Stopping right after the line with "Steep slate roofs", please reproduce the material below exactly from its first line.

★ ★ ★ ★

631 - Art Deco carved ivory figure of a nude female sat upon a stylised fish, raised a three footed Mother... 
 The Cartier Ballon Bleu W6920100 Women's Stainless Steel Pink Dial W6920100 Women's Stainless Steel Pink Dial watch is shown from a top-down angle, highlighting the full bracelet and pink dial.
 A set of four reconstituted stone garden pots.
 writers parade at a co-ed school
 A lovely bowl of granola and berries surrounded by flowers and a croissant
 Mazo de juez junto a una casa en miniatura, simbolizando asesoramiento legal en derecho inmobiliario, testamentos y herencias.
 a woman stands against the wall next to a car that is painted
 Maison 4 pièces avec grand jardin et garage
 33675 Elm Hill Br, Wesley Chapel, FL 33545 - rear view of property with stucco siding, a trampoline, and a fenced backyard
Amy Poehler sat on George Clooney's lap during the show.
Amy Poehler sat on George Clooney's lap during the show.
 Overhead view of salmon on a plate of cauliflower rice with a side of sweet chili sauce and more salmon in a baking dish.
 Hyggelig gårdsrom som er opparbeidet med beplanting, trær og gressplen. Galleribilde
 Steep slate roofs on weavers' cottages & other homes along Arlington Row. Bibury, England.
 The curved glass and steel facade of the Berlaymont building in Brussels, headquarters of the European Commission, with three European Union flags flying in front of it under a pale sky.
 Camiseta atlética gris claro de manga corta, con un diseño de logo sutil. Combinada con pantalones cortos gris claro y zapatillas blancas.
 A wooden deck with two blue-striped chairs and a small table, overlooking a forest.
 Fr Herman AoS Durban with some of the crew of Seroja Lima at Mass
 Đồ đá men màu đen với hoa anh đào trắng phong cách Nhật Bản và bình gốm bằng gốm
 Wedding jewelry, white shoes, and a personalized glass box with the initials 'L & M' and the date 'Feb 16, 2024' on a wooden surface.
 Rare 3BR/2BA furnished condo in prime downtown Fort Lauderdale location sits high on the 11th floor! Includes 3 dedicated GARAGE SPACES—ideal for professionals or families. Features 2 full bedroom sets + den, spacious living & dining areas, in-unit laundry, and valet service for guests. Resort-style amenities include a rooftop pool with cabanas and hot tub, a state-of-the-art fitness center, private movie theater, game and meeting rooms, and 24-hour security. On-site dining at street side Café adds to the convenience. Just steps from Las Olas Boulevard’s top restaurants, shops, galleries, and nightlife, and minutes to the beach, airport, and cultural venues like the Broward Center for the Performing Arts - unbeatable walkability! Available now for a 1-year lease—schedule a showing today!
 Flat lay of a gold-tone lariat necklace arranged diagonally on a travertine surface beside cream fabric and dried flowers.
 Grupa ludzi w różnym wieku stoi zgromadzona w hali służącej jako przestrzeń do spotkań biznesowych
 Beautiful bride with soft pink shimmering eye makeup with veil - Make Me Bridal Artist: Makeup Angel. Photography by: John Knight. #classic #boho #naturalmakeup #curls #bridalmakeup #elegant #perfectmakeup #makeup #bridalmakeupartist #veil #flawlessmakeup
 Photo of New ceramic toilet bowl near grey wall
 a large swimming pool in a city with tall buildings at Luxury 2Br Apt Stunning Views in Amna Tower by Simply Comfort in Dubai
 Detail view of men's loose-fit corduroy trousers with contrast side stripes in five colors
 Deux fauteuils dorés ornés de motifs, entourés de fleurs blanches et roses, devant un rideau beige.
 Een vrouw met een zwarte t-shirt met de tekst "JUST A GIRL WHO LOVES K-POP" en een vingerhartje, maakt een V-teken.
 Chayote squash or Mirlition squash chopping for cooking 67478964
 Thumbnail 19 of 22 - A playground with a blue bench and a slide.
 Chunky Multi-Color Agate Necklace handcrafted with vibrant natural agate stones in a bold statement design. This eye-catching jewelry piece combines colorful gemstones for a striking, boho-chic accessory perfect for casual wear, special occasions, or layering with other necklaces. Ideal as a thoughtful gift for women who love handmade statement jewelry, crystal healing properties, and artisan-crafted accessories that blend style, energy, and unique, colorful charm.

★ ★ ★ ★

[Output of the task]
631 - Art Deco carved ivory figure of a nude female sat upon a stylised fish, raised a three footed Mother... 
 The Cartier Ballon Bleu W6920100 Women's Stainless Steel Pink Dial W6920100 Women's Stainless Steel Pink Dial watch is shown from a top-down angle, highlighting the full bracelet and pink dial.
 A set of four reconstituted stone garden pots.
 writers parade at a co-ed school
 A lovely bowl of granola and berries surrounded by flowers and a croissant
 Mazo de juez junto a una casa en miniatura, simbolizando asesoramiento legal en derecho inmobiliario, testamentos y herencias.
 a woman stands against the wall next to a car that is painted
 Maison 4 pièces avec grand jardin et garage
 33675 Elm Hill Br, Wesley Chapel, FL 33545 - rear view of property with stucco siding, a trampoline, and a fenced backyard
Amy Poehler sat on George Clooney's lap during the show.
Amy Poehler sat on George Clooney's lap during the show.
 Overhead view of salmon on a plate of cauliflower rice with a side of sweet chili sauce and more salmon in a baking dish.
 Hyggelig gårdsrom som er opparbeidet med beplanting, trær og gressplen. Galleribilde
 Steep slate roofs on weavers' cottages & other homes along Arlington Row. Bibury, England.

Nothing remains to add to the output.